O QUE PODEM OS EUROPEUS
ESPERAR DA NOVA ADMINISTRAÇÃO TRUMP?
por Carlos Matos Gomes
Analisar
uma situação tem algumas regras, a primeira é conhecer as intenções dos
chefes, os seus interesses e o seu modo de conduzir as suas forças na
ação. A política é a guerra por outros meios e a guerra é a política por
outros meios.
O que
sabemos de Trump: ele representa a oligarquia cujos interesses se situam
no mercado interno. Essa oligarquia defende a reindustrialização da
América, a produção de riqueza no CONUS (Continent US) — os produtos a
serem produzidos nos EU estão em competição com os da China, e não com a
Rússia. Logo, o competidor-inimigo é a China que produz a baixo custo
os produtos que a América produz mais caro com a mesma ou menor
qualidade, caso de automóveis, eletrónica de consumo, têxteis,
metalurgia, entre outros.
Trump
vai atrair — já está a fazê-lo — as mais rentáveis industrias europeias
para os Estados Unidos, o que será feito à custa da Alemanha (o motor
industrial da Europa) e exportá-los para a Europa: vamos ter Mercedes e
VW americanos na Europa.
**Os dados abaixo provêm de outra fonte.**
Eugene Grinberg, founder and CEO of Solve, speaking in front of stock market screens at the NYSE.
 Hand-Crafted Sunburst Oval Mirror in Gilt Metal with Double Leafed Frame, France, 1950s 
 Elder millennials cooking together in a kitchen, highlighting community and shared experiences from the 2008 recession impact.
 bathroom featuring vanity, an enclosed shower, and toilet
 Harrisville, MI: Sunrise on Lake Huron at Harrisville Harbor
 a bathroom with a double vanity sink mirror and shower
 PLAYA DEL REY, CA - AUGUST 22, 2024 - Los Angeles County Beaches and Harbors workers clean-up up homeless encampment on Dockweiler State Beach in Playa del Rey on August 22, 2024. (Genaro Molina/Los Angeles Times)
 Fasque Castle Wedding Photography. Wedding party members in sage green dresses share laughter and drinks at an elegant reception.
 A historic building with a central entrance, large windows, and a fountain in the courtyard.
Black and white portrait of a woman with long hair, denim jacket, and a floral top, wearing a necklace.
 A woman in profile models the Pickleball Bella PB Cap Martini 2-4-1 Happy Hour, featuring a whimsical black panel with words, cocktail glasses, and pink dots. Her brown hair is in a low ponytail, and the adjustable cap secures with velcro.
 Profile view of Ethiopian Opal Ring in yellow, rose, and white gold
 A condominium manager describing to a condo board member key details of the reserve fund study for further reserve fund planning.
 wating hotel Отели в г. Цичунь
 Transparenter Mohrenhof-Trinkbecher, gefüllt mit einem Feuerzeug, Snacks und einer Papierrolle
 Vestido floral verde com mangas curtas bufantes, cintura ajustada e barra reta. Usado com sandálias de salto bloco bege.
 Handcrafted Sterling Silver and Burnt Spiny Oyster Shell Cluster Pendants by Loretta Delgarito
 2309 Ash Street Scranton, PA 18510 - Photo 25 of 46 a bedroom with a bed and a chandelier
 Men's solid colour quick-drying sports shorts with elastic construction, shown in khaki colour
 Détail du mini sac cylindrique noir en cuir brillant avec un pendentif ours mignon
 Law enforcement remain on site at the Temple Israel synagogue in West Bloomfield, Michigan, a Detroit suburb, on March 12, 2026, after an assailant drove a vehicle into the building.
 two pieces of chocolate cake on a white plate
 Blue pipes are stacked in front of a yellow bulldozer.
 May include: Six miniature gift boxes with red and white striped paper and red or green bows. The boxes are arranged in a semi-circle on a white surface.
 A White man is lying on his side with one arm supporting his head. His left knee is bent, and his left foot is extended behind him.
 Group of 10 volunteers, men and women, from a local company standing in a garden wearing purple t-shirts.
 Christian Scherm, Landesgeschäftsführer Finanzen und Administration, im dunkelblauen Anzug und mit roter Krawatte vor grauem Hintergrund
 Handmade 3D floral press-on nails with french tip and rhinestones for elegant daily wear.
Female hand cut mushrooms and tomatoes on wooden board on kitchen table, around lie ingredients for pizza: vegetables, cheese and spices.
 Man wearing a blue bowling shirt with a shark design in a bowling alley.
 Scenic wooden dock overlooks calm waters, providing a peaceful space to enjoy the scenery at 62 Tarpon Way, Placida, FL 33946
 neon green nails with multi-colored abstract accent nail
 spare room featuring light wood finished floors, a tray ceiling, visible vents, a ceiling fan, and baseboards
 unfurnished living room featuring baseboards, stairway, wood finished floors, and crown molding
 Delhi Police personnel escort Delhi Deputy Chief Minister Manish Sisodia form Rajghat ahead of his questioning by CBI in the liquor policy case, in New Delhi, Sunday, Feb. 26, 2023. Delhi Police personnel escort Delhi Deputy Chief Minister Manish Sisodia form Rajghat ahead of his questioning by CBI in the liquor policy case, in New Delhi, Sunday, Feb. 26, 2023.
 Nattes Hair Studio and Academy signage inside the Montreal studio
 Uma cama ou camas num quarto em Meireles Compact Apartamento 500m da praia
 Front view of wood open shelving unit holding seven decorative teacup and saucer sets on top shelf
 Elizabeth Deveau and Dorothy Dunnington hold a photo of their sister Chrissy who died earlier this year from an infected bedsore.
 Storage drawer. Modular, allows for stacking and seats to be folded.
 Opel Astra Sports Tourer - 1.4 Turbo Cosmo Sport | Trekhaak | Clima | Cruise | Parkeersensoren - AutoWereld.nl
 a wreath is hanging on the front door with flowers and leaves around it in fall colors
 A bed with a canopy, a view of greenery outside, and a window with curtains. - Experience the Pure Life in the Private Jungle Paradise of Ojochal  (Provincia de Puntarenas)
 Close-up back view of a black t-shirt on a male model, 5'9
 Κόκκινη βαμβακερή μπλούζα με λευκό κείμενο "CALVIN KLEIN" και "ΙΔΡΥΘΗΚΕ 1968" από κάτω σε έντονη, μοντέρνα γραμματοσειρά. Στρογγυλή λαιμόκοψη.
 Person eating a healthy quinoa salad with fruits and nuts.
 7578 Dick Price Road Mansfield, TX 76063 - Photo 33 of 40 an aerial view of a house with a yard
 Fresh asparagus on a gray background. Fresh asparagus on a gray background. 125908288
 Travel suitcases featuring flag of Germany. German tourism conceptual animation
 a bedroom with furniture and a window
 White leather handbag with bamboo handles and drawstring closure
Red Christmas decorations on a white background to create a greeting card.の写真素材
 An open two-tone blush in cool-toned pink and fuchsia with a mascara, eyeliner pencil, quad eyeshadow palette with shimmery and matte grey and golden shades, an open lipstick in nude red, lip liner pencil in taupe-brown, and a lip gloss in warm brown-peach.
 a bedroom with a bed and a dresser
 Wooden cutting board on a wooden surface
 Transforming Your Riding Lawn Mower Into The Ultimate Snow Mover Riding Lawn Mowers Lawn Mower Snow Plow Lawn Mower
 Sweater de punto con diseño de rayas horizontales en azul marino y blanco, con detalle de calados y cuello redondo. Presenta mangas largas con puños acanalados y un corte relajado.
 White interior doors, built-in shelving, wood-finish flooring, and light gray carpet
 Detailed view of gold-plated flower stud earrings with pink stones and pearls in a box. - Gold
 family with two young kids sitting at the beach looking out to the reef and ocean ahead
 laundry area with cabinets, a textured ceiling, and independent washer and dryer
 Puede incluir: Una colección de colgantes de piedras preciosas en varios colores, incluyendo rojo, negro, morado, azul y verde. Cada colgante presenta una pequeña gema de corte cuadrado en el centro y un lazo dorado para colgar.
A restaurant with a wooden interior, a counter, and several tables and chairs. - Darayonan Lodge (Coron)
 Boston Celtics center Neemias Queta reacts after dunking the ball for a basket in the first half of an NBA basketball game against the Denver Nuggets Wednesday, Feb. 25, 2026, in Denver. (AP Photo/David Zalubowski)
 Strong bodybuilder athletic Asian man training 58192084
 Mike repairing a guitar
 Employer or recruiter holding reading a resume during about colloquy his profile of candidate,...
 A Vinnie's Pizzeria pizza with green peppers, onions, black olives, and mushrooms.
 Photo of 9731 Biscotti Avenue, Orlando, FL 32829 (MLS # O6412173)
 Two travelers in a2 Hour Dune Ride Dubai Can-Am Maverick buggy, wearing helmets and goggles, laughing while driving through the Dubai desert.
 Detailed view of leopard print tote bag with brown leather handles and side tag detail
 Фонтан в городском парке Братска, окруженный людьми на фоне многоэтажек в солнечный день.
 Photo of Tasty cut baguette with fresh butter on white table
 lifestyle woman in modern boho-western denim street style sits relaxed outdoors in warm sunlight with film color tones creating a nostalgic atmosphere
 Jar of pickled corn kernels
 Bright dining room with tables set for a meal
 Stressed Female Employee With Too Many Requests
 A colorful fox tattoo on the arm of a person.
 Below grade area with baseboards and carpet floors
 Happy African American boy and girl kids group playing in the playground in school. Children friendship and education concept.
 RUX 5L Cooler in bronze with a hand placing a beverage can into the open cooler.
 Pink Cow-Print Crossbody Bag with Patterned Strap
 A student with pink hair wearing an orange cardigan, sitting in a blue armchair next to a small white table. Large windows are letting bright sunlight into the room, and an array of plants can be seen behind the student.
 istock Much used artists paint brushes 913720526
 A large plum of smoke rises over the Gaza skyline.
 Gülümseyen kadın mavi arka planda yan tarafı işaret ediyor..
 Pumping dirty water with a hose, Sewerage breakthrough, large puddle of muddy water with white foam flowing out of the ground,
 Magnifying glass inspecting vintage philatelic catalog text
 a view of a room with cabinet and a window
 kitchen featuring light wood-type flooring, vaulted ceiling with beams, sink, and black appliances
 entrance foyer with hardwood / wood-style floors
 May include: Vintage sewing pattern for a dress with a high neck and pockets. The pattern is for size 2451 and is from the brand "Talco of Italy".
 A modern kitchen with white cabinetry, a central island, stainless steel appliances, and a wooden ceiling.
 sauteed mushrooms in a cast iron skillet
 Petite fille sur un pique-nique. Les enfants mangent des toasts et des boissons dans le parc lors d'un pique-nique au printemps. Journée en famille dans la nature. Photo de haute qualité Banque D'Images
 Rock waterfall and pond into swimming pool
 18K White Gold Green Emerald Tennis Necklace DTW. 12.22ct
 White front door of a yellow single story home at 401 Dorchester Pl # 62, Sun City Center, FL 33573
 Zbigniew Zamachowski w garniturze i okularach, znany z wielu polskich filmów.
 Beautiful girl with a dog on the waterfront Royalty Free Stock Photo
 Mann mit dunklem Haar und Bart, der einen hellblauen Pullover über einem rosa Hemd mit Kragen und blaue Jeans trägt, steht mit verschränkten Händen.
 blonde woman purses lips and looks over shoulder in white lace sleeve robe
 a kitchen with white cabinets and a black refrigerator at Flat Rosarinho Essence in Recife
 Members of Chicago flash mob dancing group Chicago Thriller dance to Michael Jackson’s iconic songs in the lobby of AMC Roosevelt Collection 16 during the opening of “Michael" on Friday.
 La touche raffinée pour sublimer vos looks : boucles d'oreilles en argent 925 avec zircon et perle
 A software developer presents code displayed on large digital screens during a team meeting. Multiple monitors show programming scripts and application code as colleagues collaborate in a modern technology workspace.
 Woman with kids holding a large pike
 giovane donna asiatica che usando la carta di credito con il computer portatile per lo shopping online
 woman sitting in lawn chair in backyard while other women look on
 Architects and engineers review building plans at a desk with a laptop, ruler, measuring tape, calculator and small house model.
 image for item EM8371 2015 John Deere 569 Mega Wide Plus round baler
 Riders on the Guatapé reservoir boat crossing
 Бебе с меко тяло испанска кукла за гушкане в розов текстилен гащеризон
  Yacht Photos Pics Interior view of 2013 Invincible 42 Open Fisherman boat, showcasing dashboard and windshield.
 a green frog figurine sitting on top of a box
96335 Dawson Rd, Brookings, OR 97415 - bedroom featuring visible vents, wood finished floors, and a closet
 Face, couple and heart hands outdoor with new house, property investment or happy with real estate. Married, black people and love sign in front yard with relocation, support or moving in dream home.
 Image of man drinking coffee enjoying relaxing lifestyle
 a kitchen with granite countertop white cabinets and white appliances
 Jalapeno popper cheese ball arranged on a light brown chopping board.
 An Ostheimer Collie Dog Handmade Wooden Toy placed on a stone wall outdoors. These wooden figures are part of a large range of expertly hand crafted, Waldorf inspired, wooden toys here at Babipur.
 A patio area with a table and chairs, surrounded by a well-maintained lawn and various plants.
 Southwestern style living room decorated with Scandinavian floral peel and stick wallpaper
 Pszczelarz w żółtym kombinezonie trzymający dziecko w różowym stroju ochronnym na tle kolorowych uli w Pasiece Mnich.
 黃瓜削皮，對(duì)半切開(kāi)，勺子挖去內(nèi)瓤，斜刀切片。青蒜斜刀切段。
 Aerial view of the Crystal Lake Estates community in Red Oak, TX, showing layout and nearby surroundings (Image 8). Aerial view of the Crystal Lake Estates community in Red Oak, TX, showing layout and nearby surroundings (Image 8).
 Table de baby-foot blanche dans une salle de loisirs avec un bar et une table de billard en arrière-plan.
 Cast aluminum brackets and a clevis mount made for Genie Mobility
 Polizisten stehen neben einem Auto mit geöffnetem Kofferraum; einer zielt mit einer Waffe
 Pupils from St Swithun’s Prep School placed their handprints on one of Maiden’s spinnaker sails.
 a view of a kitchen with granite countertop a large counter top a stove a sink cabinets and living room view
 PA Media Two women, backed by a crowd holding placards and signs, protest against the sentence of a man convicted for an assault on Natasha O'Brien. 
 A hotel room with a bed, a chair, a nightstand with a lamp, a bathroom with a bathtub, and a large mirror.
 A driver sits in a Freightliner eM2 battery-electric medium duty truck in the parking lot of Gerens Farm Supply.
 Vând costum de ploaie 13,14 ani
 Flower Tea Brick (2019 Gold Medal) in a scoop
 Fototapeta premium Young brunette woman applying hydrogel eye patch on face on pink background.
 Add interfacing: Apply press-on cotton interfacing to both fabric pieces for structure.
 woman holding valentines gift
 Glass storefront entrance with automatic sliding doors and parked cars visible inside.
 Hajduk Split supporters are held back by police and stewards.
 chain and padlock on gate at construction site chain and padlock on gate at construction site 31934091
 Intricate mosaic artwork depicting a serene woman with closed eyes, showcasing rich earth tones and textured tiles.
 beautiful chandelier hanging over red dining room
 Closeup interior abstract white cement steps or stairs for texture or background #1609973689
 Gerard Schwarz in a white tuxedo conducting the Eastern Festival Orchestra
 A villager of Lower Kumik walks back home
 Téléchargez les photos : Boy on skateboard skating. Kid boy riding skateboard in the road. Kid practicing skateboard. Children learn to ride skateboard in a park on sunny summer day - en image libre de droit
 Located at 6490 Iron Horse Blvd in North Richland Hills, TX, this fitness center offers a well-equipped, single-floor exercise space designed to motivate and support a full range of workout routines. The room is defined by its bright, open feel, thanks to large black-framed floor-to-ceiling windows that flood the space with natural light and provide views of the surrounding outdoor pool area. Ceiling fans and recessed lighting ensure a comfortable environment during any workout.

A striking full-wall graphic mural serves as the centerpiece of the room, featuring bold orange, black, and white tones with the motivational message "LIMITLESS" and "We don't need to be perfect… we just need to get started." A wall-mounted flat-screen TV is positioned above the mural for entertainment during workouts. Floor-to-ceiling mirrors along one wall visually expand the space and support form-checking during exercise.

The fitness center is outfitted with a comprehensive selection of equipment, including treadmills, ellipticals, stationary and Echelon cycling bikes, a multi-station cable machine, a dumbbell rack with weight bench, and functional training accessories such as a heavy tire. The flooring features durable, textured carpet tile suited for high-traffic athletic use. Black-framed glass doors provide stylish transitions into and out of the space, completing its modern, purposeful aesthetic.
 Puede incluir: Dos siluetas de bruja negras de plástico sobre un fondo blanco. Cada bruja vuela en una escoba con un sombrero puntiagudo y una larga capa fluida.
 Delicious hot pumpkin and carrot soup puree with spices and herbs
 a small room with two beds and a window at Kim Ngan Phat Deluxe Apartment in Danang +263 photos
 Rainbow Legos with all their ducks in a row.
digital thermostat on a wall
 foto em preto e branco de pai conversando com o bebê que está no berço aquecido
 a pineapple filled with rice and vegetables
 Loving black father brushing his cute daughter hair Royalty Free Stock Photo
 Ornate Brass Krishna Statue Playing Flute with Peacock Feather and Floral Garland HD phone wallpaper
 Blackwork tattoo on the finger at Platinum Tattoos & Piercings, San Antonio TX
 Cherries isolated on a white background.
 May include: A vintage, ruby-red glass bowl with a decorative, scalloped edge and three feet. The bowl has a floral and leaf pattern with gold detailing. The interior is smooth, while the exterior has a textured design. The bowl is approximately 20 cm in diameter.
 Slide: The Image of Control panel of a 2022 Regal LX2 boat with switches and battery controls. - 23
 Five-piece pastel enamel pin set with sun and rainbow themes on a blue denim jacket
Os associados europeus destas e de outras
marcas — Portugal, Espanha, Polónia — vão entrar em crise. Que acabará
por atingir os operários alemães. A Alemanha é o principal financiador
da Política Agrícola Comum, de que a França é o principal beneficiário,
vai sofrer um corte a sério. Com os efeitos sociais e políticos
imagináveis.
A Ucrânia,
feitos que estão os grandes negócios das empresas do complexo militar
industrial, com a transferência dos colossais pacotes de “ajuda”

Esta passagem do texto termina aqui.